If it wasn’t obvious, Gotham City is your playground here, and it’s vast and gorgeous. The criticism it gets is that “it doesn’t feel like Gotham,” and truth be told, it completely does. If Gotham were a real city, I am sure it would look like how it’s portrayed in “Gotham Knights,” with its skyscrapers, streets covered in puddles, fog all over the city, and neon signs. This rendition is very neo-noir, and despite what anyone says, I freaking love it. The city is lifeless, though; that’s something that bothers me and is inexcusable. The city is also full of collectibles, Easter eggs, and some traversal challenges sprinkled throughout its five islands. The aesthetics here is really good and fitting of what Gotham City is like in the comics and even the movies. I’d cover more of the world of “Gotham Knights” separately, as, despite its emptiness, it deserves some attention and love.
The Technical Stuff
This is controversial as the game runs at 4K resolution but only at 30 fps, with no performance mode as an option on consoles. It uses raytraced reflections, and it does look and play well, especially after a series of patches, but in general, the package could’ve been so much better if only it had a 60-fps toggle. The sound design is actually good, the music is ominous, and despite some cringy dialogue, the voice acting is really well done. This game could’ve been so much better, but what we got in terms of its technical side is just fine. The game looks good but doesn’t look “next-gen,” and it definitely doesn’t play like a current-gen title. I also want to take a second here and say that the UI for this game is by far the worst UI I have ever seen in any video game. It’s so bad that it’s infuriating. Overall, “Gotham Knights” is a serviceable and slightly above-average package as a whole when it comes to the technical side of things, and I don’t wanna beat a dead horse here, so I’ll just move on from this section.
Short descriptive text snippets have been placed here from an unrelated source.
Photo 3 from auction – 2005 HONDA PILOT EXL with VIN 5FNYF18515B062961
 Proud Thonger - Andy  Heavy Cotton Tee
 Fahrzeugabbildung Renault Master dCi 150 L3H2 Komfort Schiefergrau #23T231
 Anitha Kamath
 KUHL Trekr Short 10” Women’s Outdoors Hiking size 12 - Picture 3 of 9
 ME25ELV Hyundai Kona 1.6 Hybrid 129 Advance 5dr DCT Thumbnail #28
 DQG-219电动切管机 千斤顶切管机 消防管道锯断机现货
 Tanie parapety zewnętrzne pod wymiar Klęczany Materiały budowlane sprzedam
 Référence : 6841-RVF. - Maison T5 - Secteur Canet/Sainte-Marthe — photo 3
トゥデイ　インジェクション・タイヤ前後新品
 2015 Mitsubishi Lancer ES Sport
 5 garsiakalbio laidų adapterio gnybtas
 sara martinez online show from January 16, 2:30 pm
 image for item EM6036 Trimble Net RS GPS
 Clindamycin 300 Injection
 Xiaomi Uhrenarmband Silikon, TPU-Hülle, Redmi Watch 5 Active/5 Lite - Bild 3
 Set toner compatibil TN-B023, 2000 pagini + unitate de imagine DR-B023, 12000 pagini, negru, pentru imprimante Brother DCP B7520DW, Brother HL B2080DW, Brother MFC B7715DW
At this point, the general consensus for this game is that if you hate it, then you are cool. I strongly disagree and say that there is fun to be had here, and it’s a decent game. The combat is fun, the story is predictable but interesting (minus the ending), the world is empty but stunning in its own right, the characters are mostly well-written and acted, the music is fine and does its job, and this is overall a decent co-op superhero game set in the Batman universe that you can play right now. It’s definitely not worth $70, but if you can get it for $40 or below, then go for it; you will have a good time. “Gotham Knights” kind of left me disappointed, as I had high hopes for it, but to say that I got no enjoyment out of it would be me lying. I cannot, in good conscience, say that “Gotham Knights” is a bad game, but I also cannot recommend it to anyone at full price either. Check it out when it’s on sale, as there’s no rush to go and play this game right now at this very moment.